> SOURCE DATA:
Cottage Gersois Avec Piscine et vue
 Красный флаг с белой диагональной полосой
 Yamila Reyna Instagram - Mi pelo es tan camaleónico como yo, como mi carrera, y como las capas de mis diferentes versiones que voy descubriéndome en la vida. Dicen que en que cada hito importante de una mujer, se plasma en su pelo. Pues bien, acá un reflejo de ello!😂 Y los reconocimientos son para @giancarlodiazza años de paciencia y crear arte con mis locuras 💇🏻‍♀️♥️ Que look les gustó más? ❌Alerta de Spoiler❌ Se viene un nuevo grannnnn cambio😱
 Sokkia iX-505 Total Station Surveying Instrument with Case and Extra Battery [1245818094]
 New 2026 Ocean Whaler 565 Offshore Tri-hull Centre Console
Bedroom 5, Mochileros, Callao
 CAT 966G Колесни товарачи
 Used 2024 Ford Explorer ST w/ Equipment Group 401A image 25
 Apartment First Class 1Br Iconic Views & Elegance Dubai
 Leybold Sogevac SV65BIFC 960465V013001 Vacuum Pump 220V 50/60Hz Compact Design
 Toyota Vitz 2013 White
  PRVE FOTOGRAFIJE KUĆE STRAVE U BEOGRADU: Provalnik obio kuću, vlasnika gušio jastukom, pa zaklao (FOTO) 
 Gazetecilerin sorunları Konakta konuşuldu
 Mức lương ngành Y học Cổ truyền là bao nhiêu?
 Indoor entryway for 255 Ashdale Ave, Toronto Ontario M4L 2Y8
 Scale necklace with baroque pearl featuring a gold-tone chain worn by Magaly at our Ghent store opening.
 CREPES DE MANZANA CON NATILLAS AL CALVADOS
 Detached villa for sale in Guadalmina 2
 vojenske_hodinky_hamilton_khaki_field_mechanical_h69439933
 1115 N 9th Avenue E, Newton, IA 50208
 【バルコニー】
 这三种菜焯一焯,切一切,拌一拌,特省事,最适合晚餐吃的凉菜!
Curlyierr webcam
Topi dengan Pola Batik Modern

> DESCRIPTION OF THE TASK:
The full listing above is to be transcribed exactly.

> ANSWER SPACE:
Cottage Gersois Avec Piscine et vue
 Красный флаг с белой диагональной полосой
 Yamila Reyna Instagram - Mi pelo es tan camaleónico como yo, como mi carrera, y como las capas de mis diferentes versiones que voy descubriéndome en la vida. Dicen que en que cada hito importante de una mujer, se plasma en su pelo. Pues bien, acá un reflejo de ello!😂 Y los reconocimientos son para @giancarlodiazza años de paciencia y crear arte con mis locuras 💇🏻‍♀️♥️ Que look les gustó más? ❌Alerta de Spoiler❌ Se viene un nuevo grannnnn cambio😱
 Sokkia iX-505 Total Station Surveying Instrument with Case and Extra Battery [1245818094]
 New 2026 Ocean Whaler 565 Offshore Tri-hull Centre Console
Bedroom 5, Mochileros, Callao
 CAT 966G Колесни товарачи
 Used 2024 Ford Explorer ST w/ Equipment Group 401A image 25
 Apartment First Class 1Br Iconic Views & Elegance Dubai
 Leybold Sogevac SV65BIFC 960465V013001 Vacuum Pump 220V 50/60Hz Compact Design
 Toyota Vitz 2013 White
  PRVE FOTOGRAFIJE KUĆE STRAVE U BEOGRADU: Provalnik obio kuću, vlasnika gušio jastukom, pa zaklao (FOTO) 
 Gazetecilerin sorunları Konakta konuşuldu
 Mức lương ngành Y học Cổ truyền là bao nhiêu?
 Indoor entryway for 255 Ashdale Ave, Toronto Ontario M4L 2Y8
 Scale necklace with baroque pearl featuring a gold-tone chain worn by Magaly at our Ghent store opening.
 CREPES DE MANZANA CON NATILLAS AL CALVADOS
 Detached villa for sale in Guadalmina 2
 vojenske_hodinky_hamilton_khaki_field_mechanical_h69439933
 1115 N 9th Avenue E, Newton, IA 50208
 【バルコニー】
 这三种菜焯一焯,切一切,拌一拌,特省事,最适合晚餐吃的凉菜!
Curlyierr webcam
Topi dengan Pola Batik Modern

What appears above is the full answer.